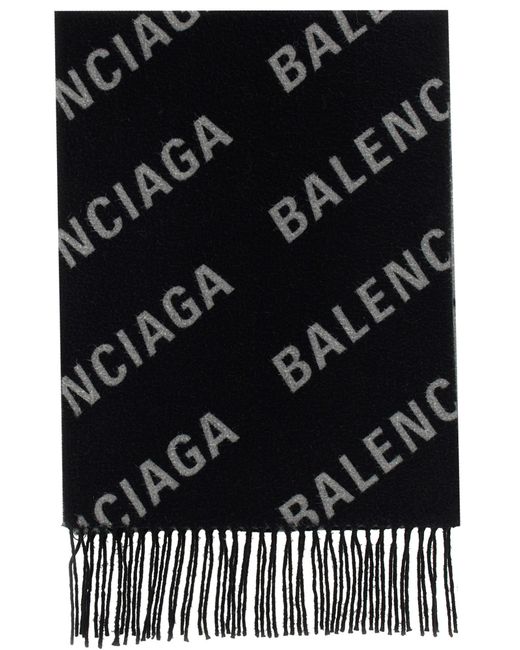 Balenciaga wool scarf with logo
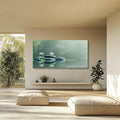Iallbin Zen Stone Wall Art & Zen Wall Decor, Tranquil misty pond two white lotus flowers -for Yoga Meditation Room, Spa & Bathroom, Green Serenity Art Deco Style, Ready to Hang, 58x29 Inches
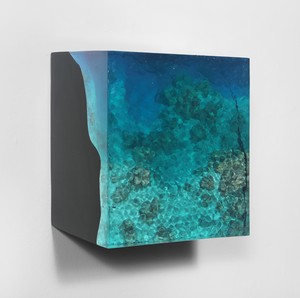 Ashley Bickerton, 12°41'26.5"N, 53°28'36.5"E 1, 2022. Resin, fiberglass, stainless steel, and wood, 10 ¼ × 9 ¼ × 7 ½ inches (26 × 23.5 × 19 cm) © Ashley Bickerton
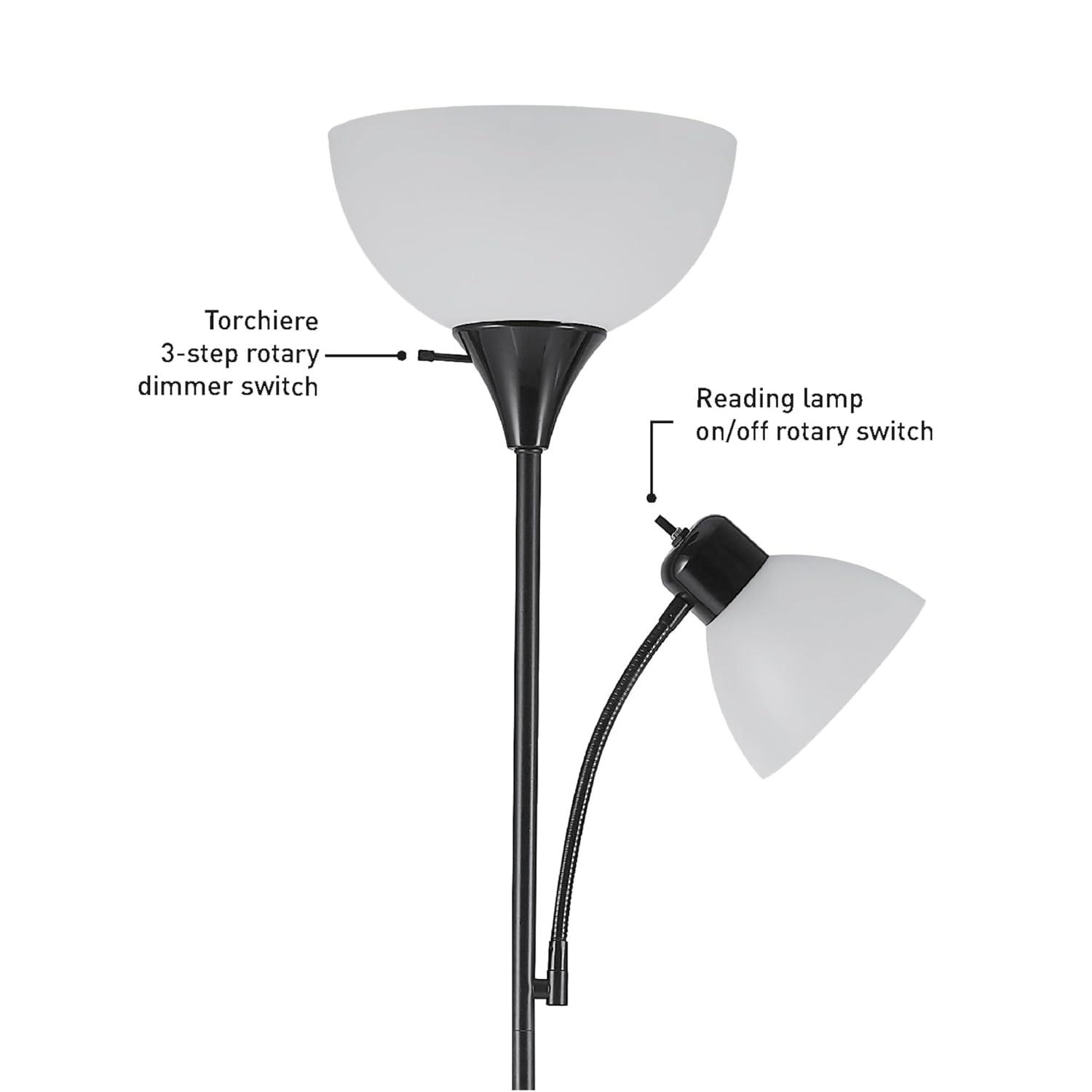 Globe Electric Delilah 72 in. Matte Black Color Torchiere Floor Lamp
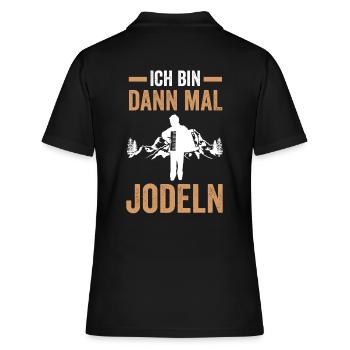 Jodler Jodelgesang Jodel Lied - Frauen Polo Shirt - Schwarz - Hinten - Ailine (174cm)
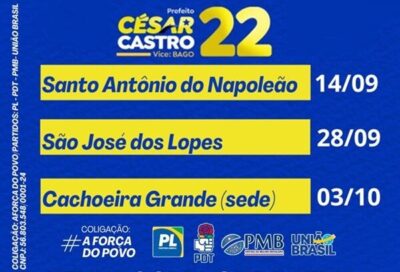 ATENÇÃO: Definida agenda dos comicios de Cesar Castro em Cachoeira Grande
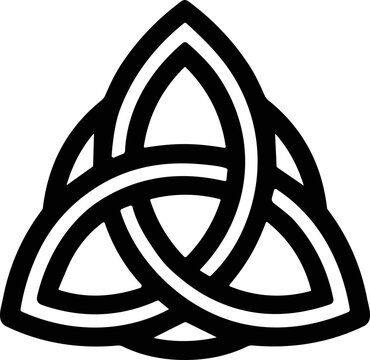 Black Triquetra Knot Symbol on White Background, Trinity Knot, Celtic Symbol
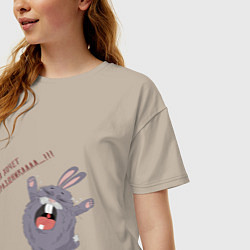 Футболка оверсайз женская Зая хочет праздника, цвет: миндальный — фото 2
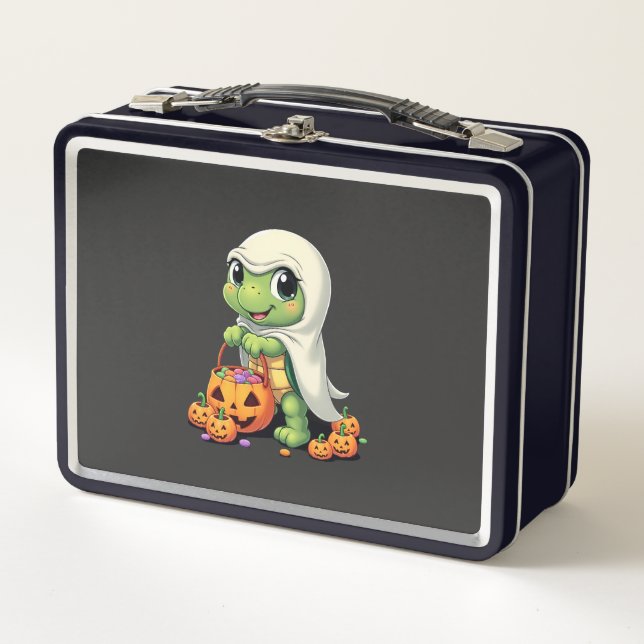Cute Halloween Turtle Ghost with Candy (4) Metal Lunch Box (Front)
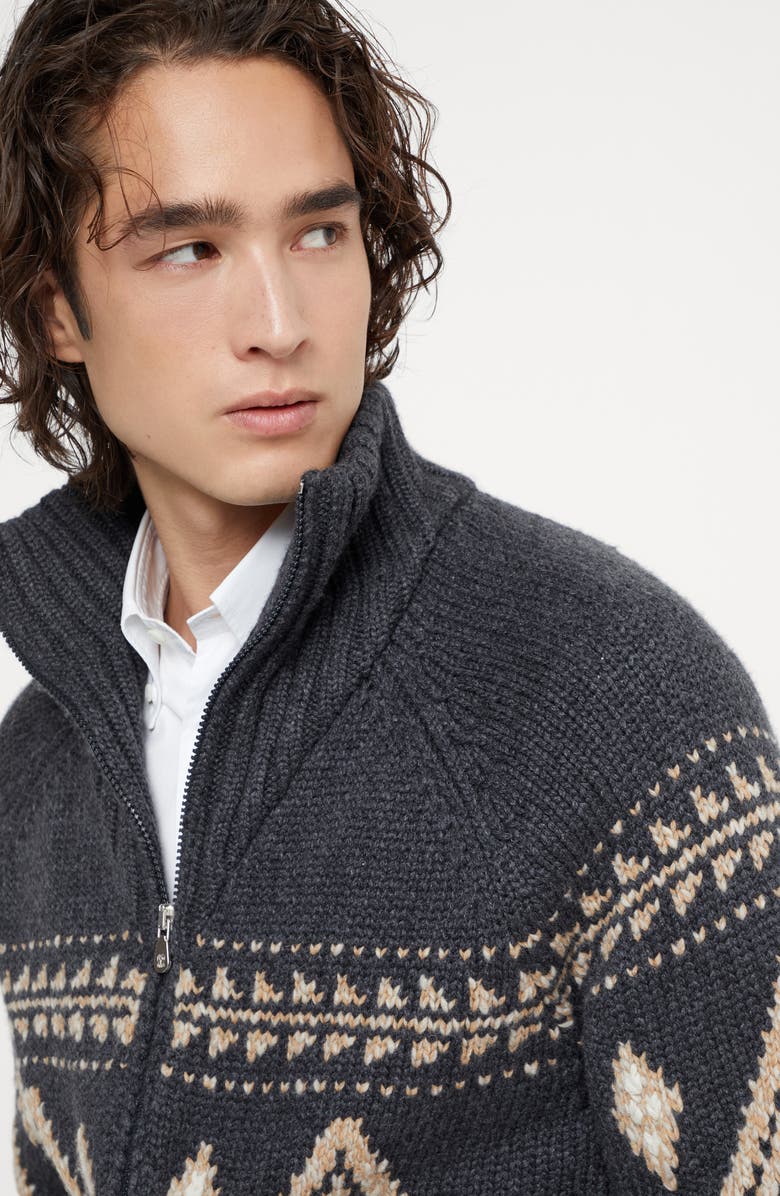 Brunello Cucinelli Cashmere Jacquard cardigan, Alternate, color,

==

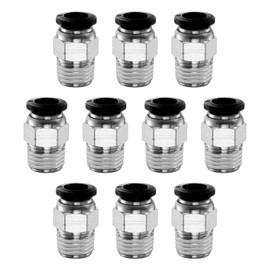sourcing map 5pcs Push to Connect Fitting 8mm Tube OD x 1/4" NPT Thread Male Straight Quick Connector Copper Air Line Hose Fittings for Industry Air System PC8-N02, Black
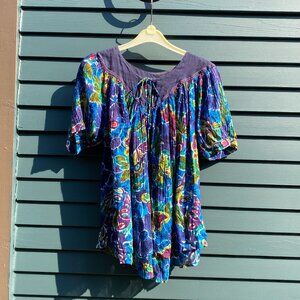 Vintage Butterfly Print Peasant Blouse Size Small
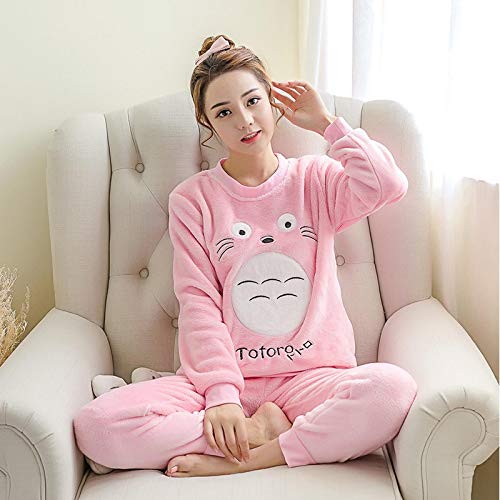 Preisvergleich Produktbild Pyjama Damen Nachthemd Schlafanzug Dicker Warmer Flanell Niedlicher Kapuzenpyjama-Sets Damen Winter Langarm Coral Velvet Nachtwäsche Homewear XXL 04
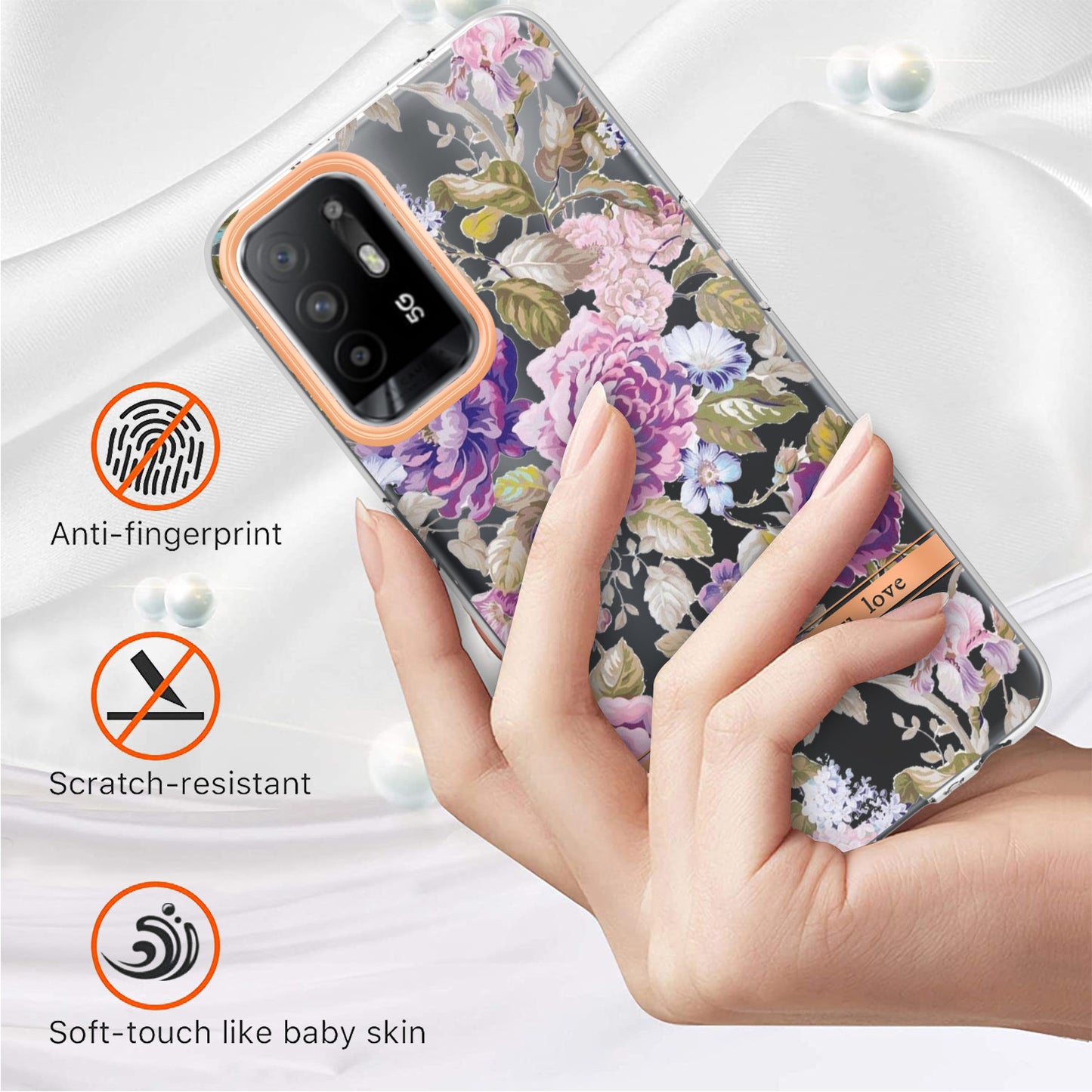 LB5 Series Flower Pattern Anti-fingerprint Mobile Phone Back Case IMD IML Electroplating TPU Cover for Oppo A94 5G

---

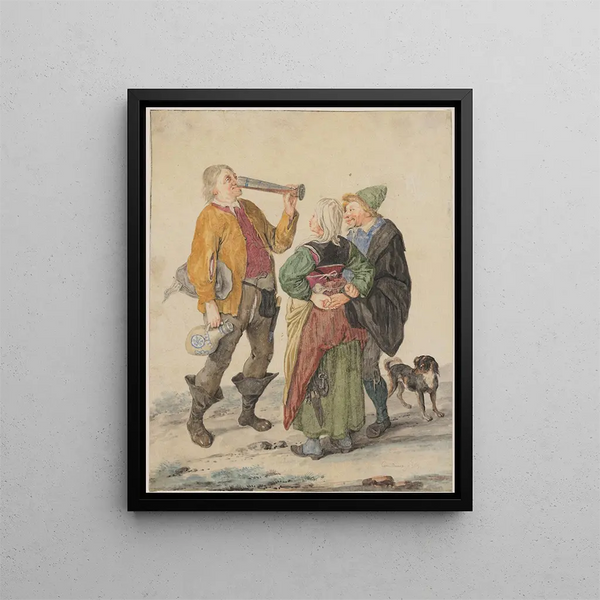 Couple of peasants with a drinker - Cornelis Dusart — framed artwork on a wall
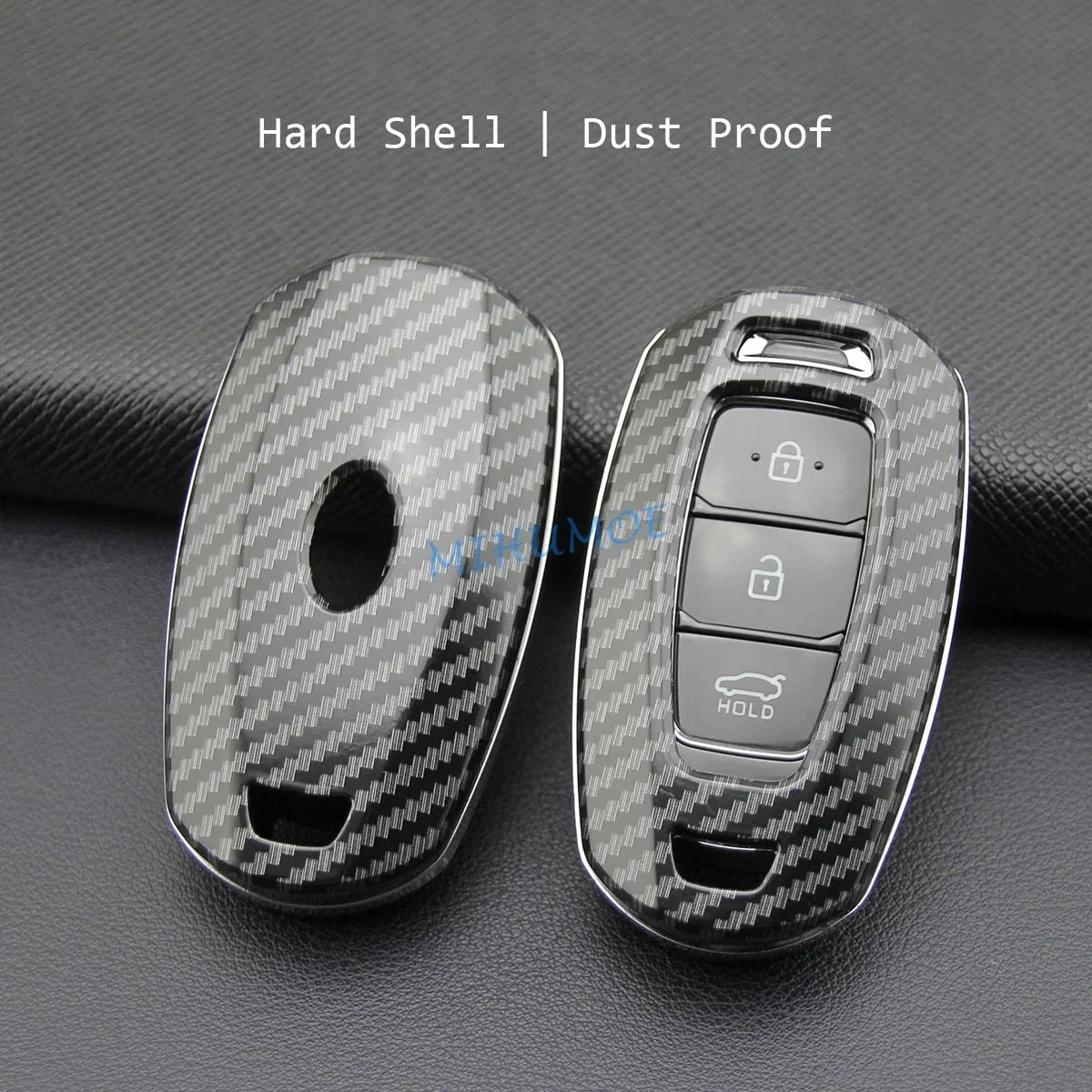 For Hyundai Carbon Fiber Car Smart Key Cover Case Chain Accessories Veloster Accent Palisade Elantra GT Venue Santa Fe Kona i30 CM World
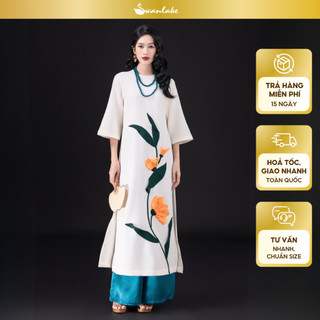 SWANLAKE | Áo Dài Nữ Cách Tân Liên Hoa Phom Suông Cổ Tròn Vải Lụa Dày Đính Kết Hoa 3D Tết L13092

■ TASK INSTRUCTIONS
Please output, exactly as written, the lines above from the one holding "Preisvergleich Produktbild Pyjama" through the one holding "LB5 Series Flower", both included, with the pictures omitted.

■ PROBLEM SOLUTION
 Preisvergleich Produktbild Pyjama Damen Nachthemd Schlafanzug Dicker Warmer Flanell Niedlicher Kapuzenpyjama-Sets Damen Winter Langarm Coral Velvet Nachtwäsche Homewear XXL 04
 LB5 Series Flower Pattern Anti-fingerprint Mobile Phone Back Case IMD IML Electroplating TPU Cover for Oppo A94 5G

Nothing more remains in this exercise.